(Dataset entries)
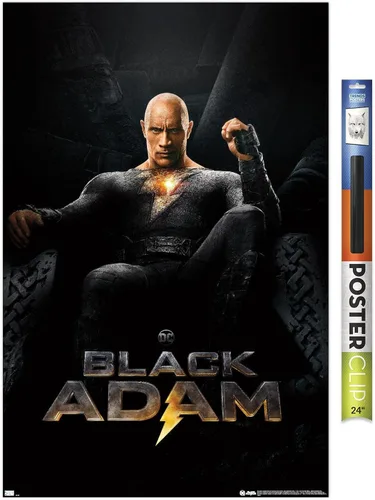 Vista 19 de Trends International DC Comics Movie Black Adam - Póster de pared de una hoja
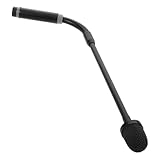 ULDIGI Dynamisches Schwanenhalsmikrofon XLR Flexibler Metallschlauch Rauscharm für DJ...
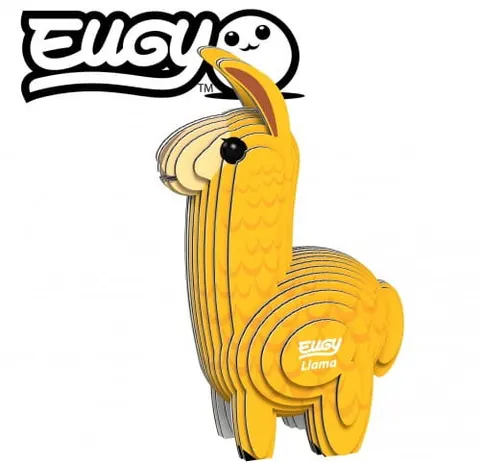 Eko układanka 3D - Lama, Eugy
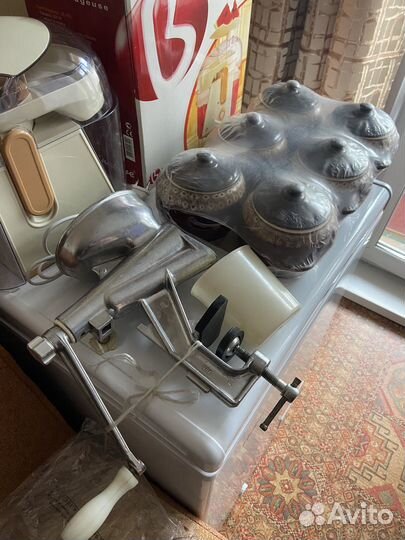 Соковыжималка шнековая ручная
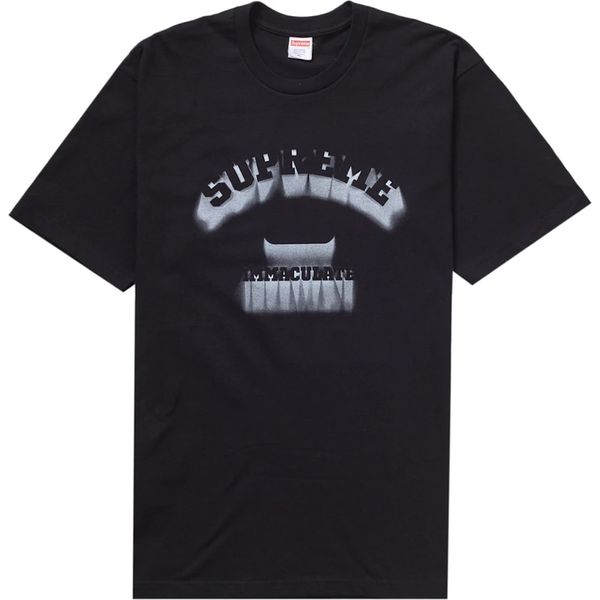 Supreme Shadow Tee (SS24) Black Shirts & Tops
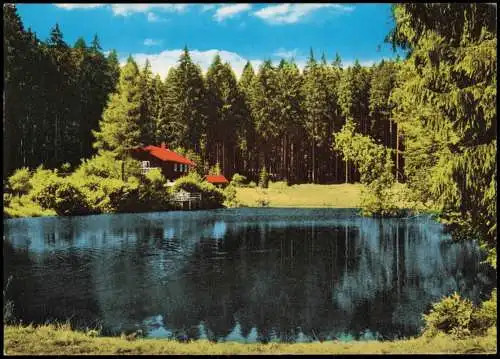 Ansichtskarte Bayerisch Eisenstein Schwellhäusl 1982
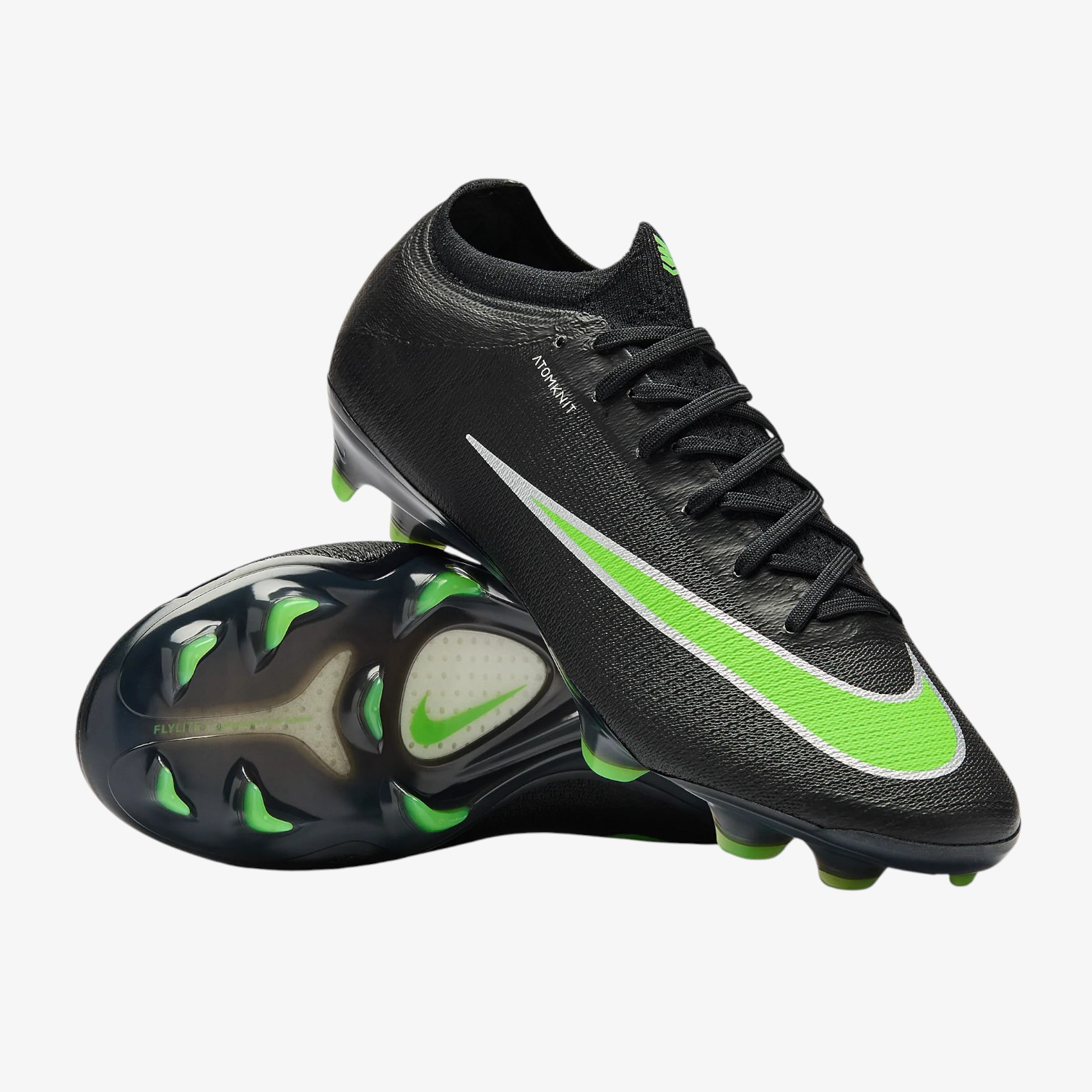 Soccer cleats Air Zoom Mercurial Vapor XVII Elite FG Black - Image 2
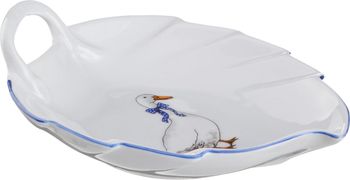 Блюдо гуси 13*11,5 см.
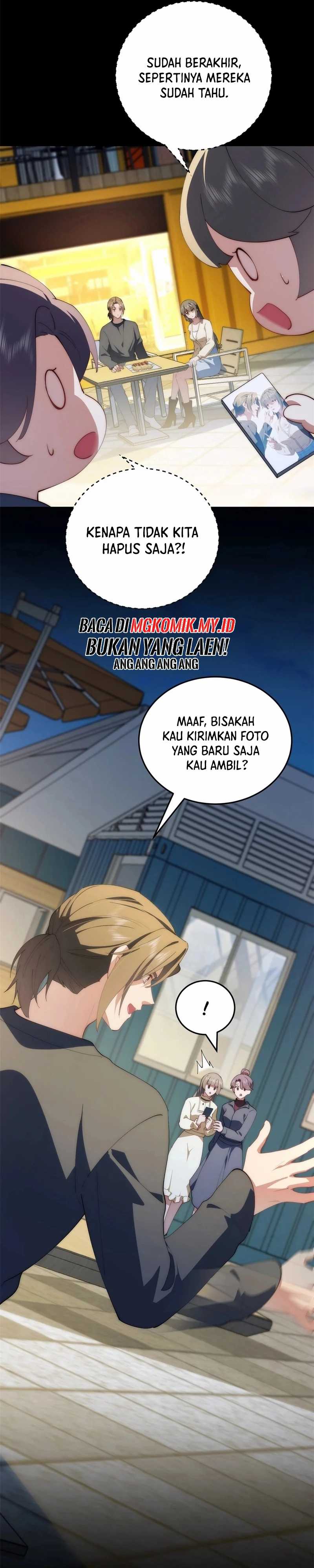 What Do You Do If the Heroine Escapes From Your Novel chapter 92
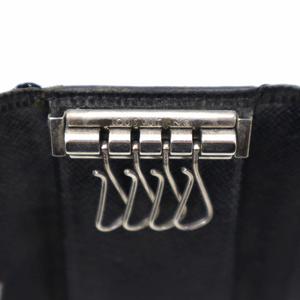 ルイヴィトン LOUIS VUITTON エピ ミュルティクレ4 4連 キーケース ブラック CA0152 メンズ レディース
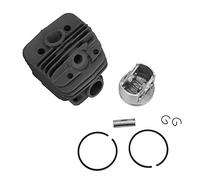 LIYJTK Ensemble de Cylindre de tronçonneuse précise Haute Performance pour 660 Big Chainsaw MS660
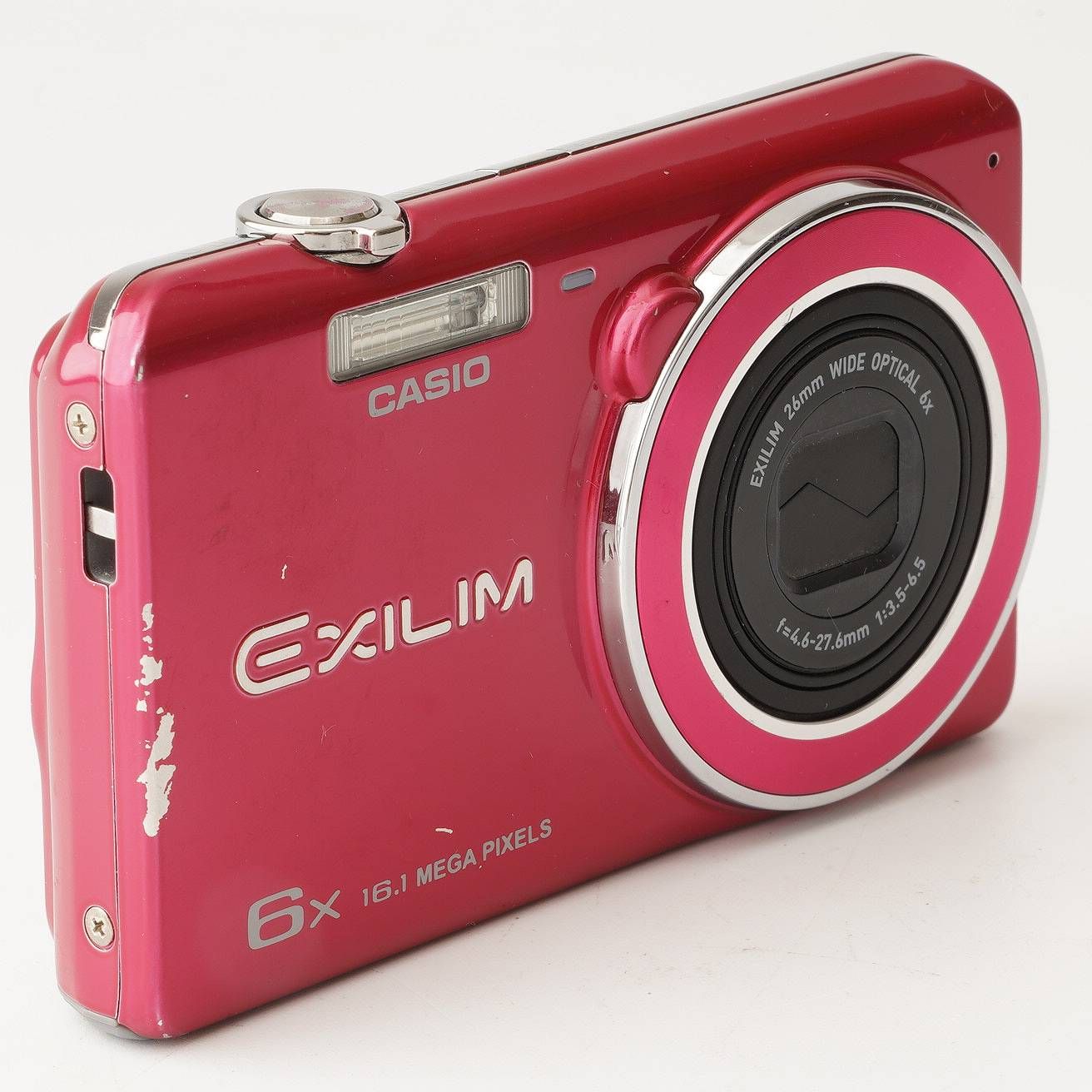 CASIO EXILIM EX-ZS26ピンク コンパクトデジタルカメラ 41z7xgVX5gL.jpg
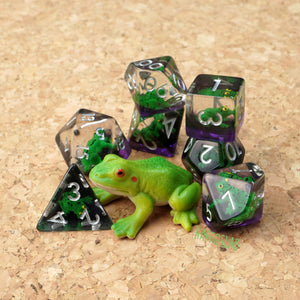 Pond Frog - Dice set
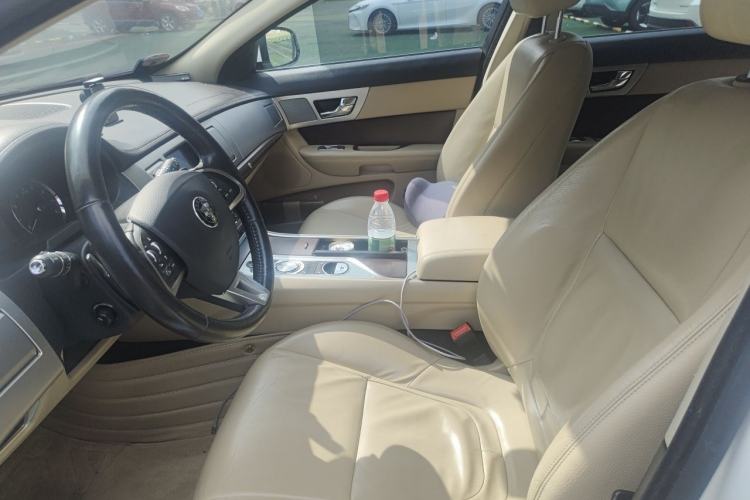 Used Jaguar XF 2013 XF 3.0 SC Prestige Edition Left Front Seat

> [Exercise brief]
No pictures should appear in the copy. Print exactly the lines above from the line containing "Ansichtskarte Bayerisch Eisenstein" through the last line of the data.

> [Output for this task]
 Ansichtskarte Bayerisch Eisenstein Schwellhäusl 1982
 Soccer cleats Air Zoom Mercurial Vapor XVII Elite FG Black - Image 2
 Блюдо гуси 13*11,5 см.
 What Do You Do If the Heroine Escapes From Your Novel chapter 92
 ルイヴィトン LOUIS VUITTON エピ ミュルティクレ4 4連 キーケース ブラック CA0152 メンズ レディース
 LIYJTK Ensemble de Cylindre de tronçonneuse précise Haute Performance pour 660 Big Chainsaw MS660
 CASIO EXILIM EX-ZS26ピンク コンパクトデジタルカメラ 41z7xgVX5gL.jpg
 Pond Frog - Dice set
 Used Jaguar XF 2013 XF 3.0 SC Prestige Edition Left Front Seat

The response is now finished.